Between October 1 and 17, Jharkhand received nearly 309 per cent of the average rainfall that it witnesses during this period of the year. October rain has been 216 per cent above average in Bihar and 135 per cent above average in Gangetic Bengal, according to India Meteorological Department (IMD) data released today.

"The states of the rivers and reservoirs here have dramatically changed through the October rain and Phailin," said Biswajit Chakravorty, a scientist and the head of the Centre for Flood Management Studies in Patna.

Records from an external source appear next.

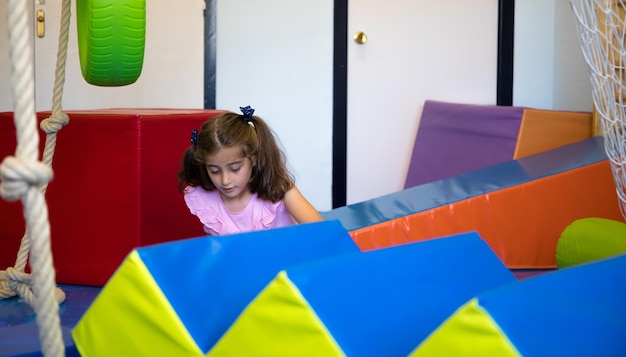 Jolie fille aux yeux clairs allongée sur des nattes dans le gymnase de son école.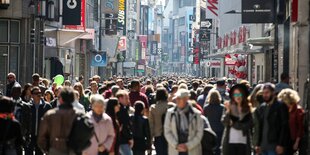 Man sieht eine Fußgängerzone mit ganz vielen Menschen. An den Seiten sieht man die Markennamen verschiedener bekannter Shops.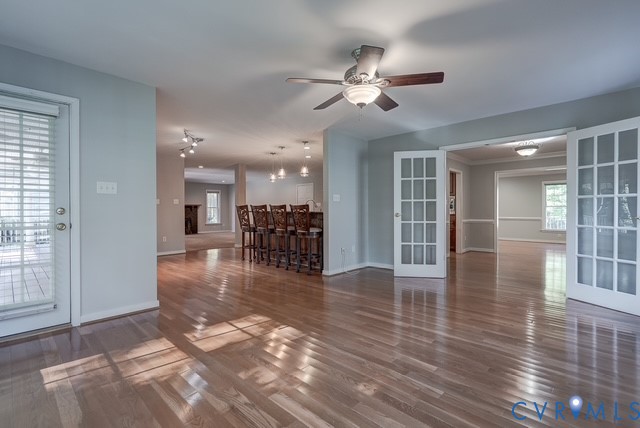 Sitting Room with French Doors leading to the Dining Room. Wood-finish flooring, ceiling fan with light fixture, French doors, recessed lighting, and a kitchen island with pendant lighting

The withdrawal of the monsoon from India's northwest has been unusually late this year, said a senior IMD scientist in New Delhi. The emergence of Phailin further delayed the withdrawal.

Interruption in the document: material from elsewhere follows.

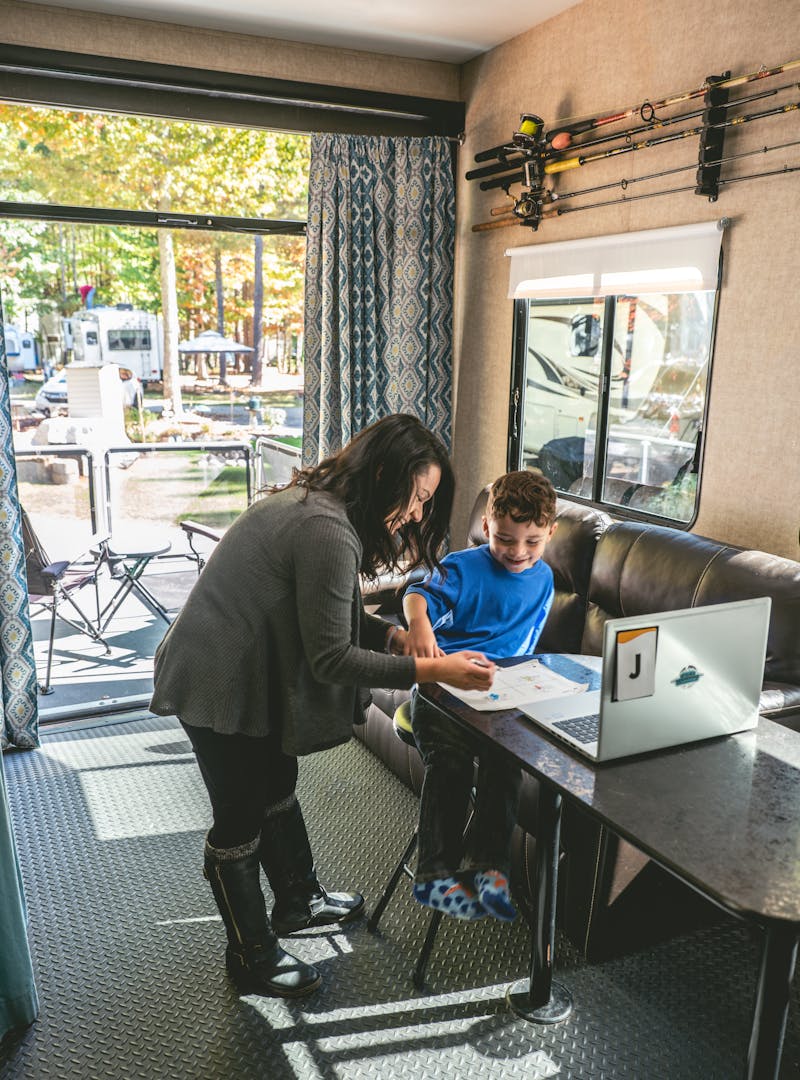 Sandra standing over her son at a desk in the converted garage space.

"A cyclone in the Bay of Bengal makes the monsoon current stronger," the scientist said.

The IMD said the monsoon today withdrew from Uttar Pradesh, Madhya Pradesh, Gujarat, Bihar, Jharkhand and Chhattisgarh, from most parts of Odisha, and from some parts of Gangetic Bengal.

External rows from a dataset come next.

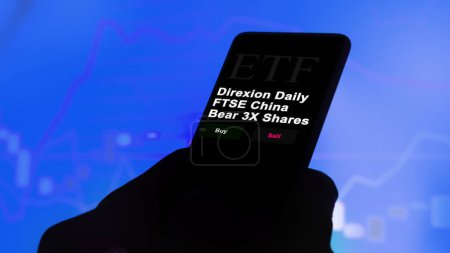 Téléchargez les photos : 17 novembre 2023. Un investisseur analyse par téléphone un fonds etf Direxion Daily FTSE China Bear 3X Actions. - en image libre de droit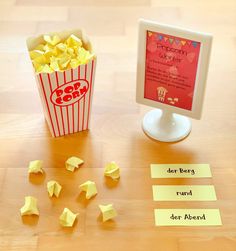 a popcorn box and some sticky notes on a table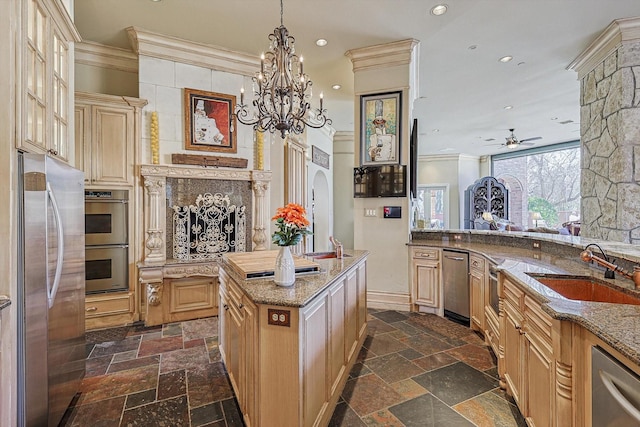 kitchen with stainless steel appliances, a sink, stone tile flooring, and crown molding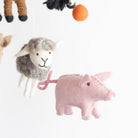 Plush toy animals including a sheep and a pig on a white background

A Central Water Commission official said stored reservoir water is typically released only when absolutely necessary.

"It's near the end of the monsoon season - no (reservoir) operator would want to release water now," said Vijay Kumar Nagpure, director of water management at the commission.

The commission monitors 15 large reservoirs in eastern India scattered across Jharkhand, Odisha, Bengal and Tripura and daily updates their water levels.

Nagpure said reservoir operators at each site have standard procedures to determine the water levels that can be allowed to accumulate before the water is discharged downstream.

Chakravorty said the two days of torrential rains in distant Uttarakhand that had devastated several towns in the mountain state in June this year may also have contributed to the higher-than-anticipated river flows downstream in the Ganga basin.

"Some of the tributary flows eventually join the Ganga," Chakravorty said.

In Bihar's Arwal district, the Punpun river is swollen. The rain brought by Phailin, which crossed the Odisha coast on October 12 night, has damaged crops and property in Purnea, Katihar and Vaishali.

The monsoon rainfall deficit in the Northeast, though, has persisted through October and may explain why stretches of the Brahmaputra have remained relatively flood-free this year.

Rainfall in Arunachal Pradesh, through which the river passes before entering Assam, has been 50 per cent below average in October, while the deficit in Assam is 29 per cent.

Hydrologists say that eastern India's flat terrain and its high density of river tributaries have throughout history rendered it especially vulnerable to flooding by swollen and shifting rivers.

Besides, the deforestation upstream in the northern states contributes to the sediment deposits downstream in Bihar and Bengal.

"The sedimentation raises the river bed downstream," said Chakravorty. "There is less space for water to flow and it spreads on both sides, causing floods."